Brief:
This exercise asks for the entries to be repeated exactly, without their images.

Supplied data:
────────────────────

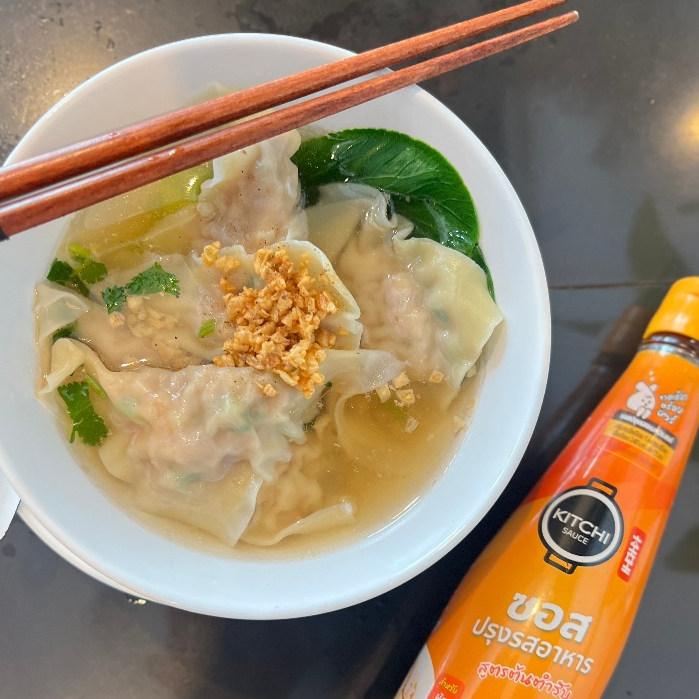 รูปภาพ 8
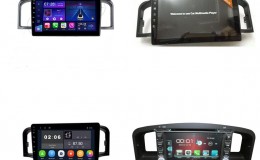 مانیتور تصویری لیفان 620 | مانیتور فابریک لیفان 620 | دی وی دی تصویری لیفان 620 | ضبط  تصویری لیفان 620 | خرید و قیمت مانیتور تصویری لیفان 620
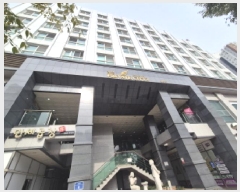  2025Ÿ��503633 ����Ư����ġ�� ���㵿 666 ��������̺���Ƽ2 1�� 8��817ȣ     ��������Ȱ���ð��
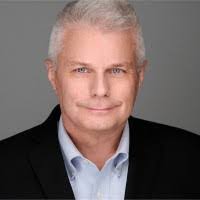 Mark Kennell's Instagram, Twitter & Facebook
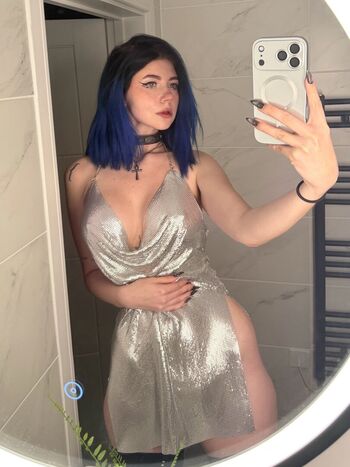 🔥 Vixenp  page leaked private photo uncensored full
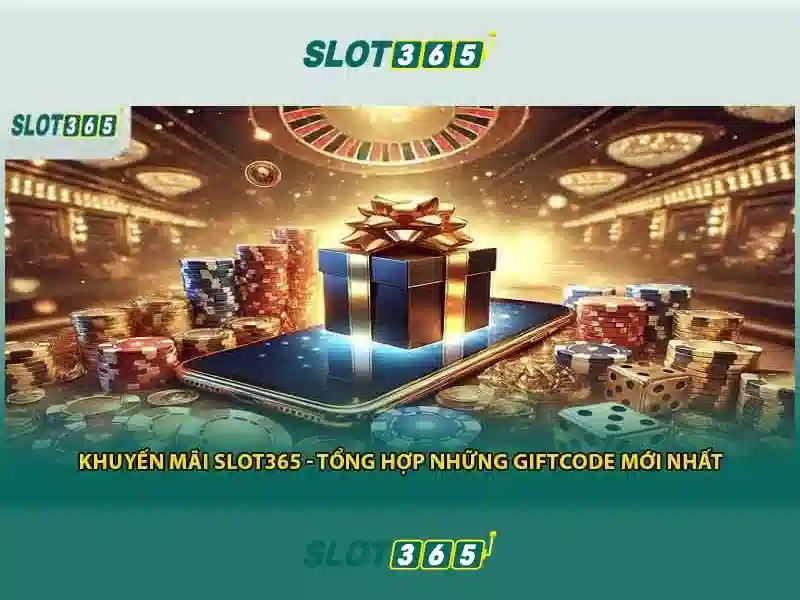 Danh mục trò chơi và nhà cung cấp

────────────────────

Solved exercise:
 รูปภาพ 8
 مانیتور تصویری لیفان 620 | مانیتور فابریک لیفان 620 | دی وی دی تصویری لیفان 620 | ضبط  تصویری لیفان 620 | خرید و قیمت مانیتور تصویری لیفان 620
  2025Ÿ��503633 ����Ư����ġ�� ���㵿 666 ��������̺���Ƽ2 1�� 8��817ȣ     ��������Ȱ���ð��
 Mark Kennell's Instagram, Twitter & Facebook
 🔥 Vixenp  page leaked private photo uncensored full
 Danh mục trò chơi và nhà cung cấp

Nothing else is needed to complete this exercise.